# Gilbert- Cou Clair Nubian buckling



## Nubiansrus1 (Sep 2, 2009)

Just thought id show off how nice and big Gilbert one of our kids is turning out to be. Hes 2 months old now. Hes actually about as big as a few of my smaller yearlings. Excuse the bad posing, my daughter tried, and we dont do any showing lol. Glibert also wasnt happy to be stopped from playing.


----------



## AlaskaBoers (May 7, 2008)

I really love the coloring!


----------



## OhCee (Feb 26, 2010)

He's so handsome  And HUGE!!


----------



## DebMc (Dec 11, 2009)

Big and handsome! :thumbup: 

Deb Mc


----------



## toth boer goats (Jul 20, 2008)

I agree.... :thumb:


----------



## RPC (Nov 6, 2009)

He is huge. You deff. have a good growing boy. Is he going to be a herd buck?


----------



## Nubiansrus1 (Sep 2, 2009)

Thanks everyone



RPC said:


> He is huge. You deff. have a good growing boy. Is he going to be a herd buck?

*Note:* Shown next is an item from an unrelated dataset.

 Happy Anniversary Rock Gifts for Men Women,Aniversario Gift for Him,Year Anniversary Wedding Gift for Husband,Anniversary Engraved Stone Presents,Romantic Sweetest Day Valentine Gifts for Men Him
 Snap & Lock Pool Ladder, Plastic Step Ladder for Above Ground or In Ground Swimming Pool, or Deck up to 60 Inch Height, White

Im hoping. My buck is 6 yrs old now, and I know he wont breed/live forever. I kept a son of his a couple years ago, when I knew alot less, yeah didnt turn out the way I wanted. Im keeping this boy, and a painted moonspot buckling for now this year, hoping someone turns out the way I want. Ive heard bucks only live to around 8 yrs old.


----------